Ah but where is the basketball? Seems like Fang is not only a pinpoint accurate dart player but also can rain jump shots so precisely that he could beat Steve Nash in a game of H.O.R.S.E blind folded. Zhen finagles Fang on the local college basketball team, using the hook that Fang is using his newfound basketball fame to find his long lost parents, but first he needs to impress his teammates that he is worthy to be on the squad. Melodrama abounds as we meet his teammates who consist mainly of Ting-Wei (Chin Bo-lin) who drinks before, during and after games because of a game he lost to his archenemy some time ago, his baby sister Lily (Charlene Choi) who is the team mascot and who Fang has an awful crush on, and Xiao Lan (Baron Chen) who Lily is smitten with but he is still moping and mourning the death of his girlfriend. I think. Anyway, there is an evil dude who is supporting the evil basketball team which has been dominating play as of late, but the addition of Feng to this non-evil team kinds of even things out a bit. Eventually it’s going to have to come down to a battle between these two teams with all the marbles on the line, with the bad team having evil on their side and the good team having a team of Shaolin monks on their side and naturally, a last second shot with seconds remaining on the clock – but this time with a twist.

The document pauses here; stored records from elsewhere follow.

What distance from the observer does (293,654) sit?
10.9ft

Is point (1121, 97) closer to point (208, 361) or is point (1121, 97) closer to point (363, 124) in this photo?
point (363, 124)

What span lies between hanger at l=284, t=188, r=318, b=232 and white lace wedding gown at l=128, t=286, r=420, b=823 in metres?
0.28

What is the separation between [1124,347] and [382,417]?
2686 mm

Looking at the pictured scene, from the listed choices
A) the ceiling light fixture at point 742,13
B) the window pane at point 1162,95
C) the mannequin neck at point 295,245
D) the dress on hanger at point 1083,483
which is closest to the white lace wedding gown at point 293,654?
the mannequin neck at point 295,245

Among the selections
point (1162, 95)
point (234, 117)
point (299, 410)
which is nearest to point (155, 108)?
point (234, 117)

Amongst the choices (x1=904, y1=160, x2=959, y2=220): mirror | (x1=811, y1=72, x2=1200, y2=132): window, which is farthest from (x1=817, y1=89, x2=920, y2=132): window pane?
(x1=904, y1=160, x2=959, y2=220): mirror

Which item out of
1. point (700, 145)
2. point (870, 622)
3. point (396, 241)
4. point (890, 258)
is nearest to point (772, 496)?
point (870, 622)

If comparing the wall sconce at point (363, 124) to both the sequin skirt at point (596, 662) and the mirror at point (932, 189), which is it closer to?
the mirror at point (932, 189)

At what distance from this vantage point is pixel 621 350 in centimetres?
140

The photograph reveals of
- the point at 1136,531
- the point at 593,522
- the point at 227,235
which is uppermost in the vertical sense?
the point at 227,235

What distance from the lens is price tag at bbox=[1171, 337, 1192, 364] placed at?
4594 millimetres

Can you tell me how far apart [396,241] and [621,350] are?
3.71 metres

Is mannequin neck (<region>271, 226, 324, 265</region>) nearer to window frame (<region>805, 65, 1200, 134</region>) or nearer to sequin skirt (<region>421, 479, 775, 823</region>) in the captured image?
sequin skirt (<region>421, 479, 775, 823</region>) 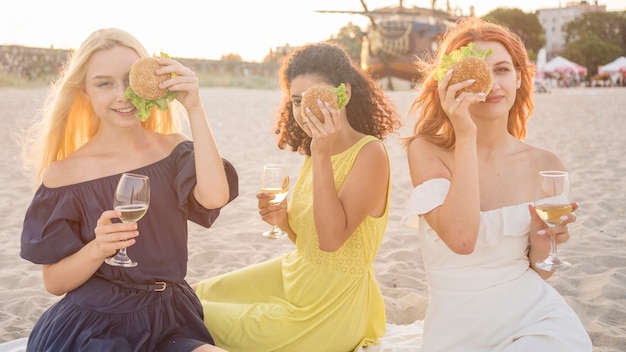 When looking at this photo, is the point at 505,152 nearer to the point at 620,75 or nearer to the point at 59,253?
the point at 59,253

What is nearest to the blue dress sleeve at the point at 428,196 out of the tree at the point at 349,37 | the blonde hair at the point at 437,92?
the blonde hair at the point at 437,92

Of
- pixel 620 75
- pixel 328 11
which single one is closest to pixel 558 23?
pixel 620 75

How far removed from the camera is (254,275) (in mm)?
3984

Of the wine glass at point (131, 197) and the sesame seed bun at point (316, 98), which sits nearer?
the wine glass at point (131, 197)

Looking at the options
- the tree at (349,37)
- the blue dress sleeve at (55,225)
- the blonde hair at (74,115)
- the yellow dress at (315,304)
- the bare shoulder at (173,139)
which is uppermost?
the tree at (349,37)

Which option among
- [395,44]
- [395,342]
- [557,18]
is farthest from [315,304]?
[557,18]

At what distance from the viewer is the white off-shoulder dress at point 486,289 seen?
296cm

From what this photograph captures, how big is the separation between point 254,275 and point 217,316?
42 centimetres

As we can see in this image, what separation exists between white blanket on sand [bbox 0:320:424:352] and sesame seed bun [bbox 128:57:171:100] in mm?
1902

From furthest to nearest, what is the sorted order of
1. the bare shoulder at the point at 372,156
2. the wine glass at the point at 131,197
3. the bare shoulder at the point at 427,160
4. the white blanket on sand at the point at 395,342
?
the white blanket on sand at the point at 395,342 → the bare shoulder at the point at 372,156 → the bare shoulder at the point at 427,160 → the wine glass at the point at 131,197

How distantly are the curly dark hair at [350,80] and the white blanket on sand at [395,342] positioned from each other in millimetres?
1296

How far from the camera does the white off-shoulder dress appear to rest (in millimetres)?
2965

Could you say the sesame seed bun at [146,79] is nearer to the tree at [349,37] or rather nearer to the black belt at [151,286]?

Apparently ‘Kung Fu Dunk’ was based off of a popular Manga called ‘Slam Dunk!’ though the comparisons to Stephen Chow and his ‘Shaolin Soccer’ are unavoidable. As of today, Stephen Chow doesn’t have a hell of a lot too worry about as ‘Kung Fu Dunk’ isn’t nearly the entertaining farce that ‘Shaolin Soccer’ was, and I love basketball a billion times more than I care about soccer. There are plenty of things wrong with ‘Kung Fu Dunk’ with the most glaring issue being that it’s just a plain stupid movie. I understand the need for a little irreverence in a movie calling itself ‘Kung Fu Dunk’ but we still need something that makes just a little bit of sense along the way and has a narrative that has some basis in some kind of reality that we can get a grip on. This film is basically a series of slickly shot, high gloss, fancy looking scenes that don’t really connect in a way to form any kind of a decent narrative.

Not helping matters is the fact that there’s not a real character anywhere in this movie as Jay Chou walks around the film with one single expression on his face, Charlene Choi has the thankless task of being cute and staying out of the way, while co-stars Chin Bo-Lin and Baron Chin have the thankless task of being cute and getting in the way. The movie probably could used a little more Kung Fu to even out the Dunk because the few Kung Fu scenes were very well executed, just as the basketball sequences were, though we question how many dudes can really take off at the half court line throw it down. Repeatedly.

‘Kung Fu Dunk’ was a fairly disappointing outing that we found its comedic elements too few and far between, had a crapload of characters that we thought represented nothing, and was way too melodramatic for no good reason, and didn’t have nearly enough Kung Fu to go along with the copious amounts of Dunk.